31 Jan 2008
If New Zealand wants more forests to be planted it must allow those who plants trees to benefit from the environmental services they provide to society.
NZ Forest Owners Association president Peter Berg said the State of the Environment report highlighted the increases in carbon and nitrogen emissions arising from the intensification of land use, along with the positive attributes of plantation forestry.
“However the area in plantation forestry is declining. As the report notes, this has implications for New Zealand’s greenhouse gas profile and may also affect flood management, soil nutrients and health, biodiversity and hill country erosion.
“None of this is news – it was covered in the Growing For Good report issued by the Parliamentary Commissioner for the Environment in 2004. The big issue is what government and regional councils plan to do with this information.
“Will they continue to use big sticks to try and force land owners to retain existing trees on inappropriate sites? If they do, land owners will be very reluctant to plant new forests for fear that their future land management options will be taken away from them by regulators or parliament.”
Mr Berg says the report highlights how the Resource Management Act has been used very successfully to reduce pollution from factories and farm effluent ponds, because local bodies have applied the polluter-pays principle.

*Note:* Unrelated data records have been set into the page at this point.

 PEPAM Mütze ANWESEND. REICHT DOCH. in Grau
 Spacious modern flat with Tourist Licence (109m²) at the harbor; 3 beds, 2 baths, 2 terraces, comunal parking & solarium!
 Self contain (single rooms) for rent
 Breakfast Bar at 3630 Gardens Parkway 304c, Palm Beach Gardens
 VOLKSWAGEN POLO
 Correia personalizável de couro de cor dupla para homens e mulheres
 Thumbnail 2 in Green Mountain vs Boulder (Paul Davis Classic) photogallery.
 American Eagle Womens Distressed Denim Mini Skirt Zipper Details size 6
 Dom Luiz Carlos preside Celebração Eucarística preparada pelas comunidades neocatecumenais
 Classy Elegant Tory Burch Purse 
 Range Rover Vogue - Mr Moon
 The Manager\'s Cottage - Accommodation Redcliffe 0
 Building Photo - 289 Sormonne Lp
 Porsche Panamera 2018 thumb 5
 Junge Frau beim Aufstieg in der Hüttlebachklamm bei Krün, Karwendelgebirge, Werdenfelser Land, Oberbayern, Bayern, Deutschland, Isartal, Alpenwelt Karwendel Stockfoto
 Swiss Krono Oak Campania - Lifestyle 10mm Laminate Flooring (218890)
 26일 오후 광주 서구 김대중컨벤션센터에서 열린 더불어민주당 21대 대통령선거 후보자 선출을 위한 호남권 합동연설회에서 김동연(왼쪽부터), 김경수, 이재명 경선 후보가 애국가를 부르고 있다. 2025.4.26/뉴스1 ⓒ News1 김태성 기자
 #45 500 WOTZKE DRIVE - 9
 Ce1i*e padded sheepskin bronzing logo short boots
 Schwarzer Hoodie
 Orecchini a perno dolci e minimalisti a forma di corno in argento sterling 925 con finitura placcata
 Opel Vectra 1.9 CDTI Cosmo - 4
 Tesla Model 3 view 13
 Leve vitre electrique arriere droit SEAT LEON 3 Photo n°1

“In contrast, when it comes to land management – an area which environment secretary Hugh Logan identified, along with transport, as one of two major problem areas – excess carbon and nitrogen emissions have largely been dealt with by regulation.
“Forest owners have been forced to keep trees on inappropriate land to offset the carbon emissions of others. In the Taupo catchment, forest owners are locked into their existing land uses in perpetuity regardless of the economics of doing so.”
He says punitive policies like these lead to perverse outcomes, like the mass deforestation which has occurred in the last two years.
“Planted forests of both exotic and native trees have a huge potential to help improve the New Zealand environment, but they mustn’t be treated like public property. Otherwise no-one will plant trees.
“If emission rights were allocated fairly to all land users, we would see livestock, cropping and forestry gradually shifting to sites to which they were best suited. There would be more of a patchwork of land uses in the landscape, based on economics and good environmental practice.
“At present, many land-uses are the result of history and no longer make sense. Like pine forests on good dairying land and sheep grazing on erosion-prone hill country.”
Mr Berg says the NZ Forest Owners Association takes environmental issues seriously.
In conjunction with environmental groups it recently updated the 1990 Forest Accord to include Climate Change. It has also updated its Code of Environmental Practice, and has made compliance compulsory for members.
As well as applying the polluter-pays principles of the RMA to land use, Mr Berg says the forest industry is very supportive of national environmental policies based on objective standards.
“Land-use issues need to be dealt with consistently across the country, so that land owners everywhere know what their future responsibilities will be. This will provide certainty and enable land owners to adapt their management so that it meets society’s expectations.”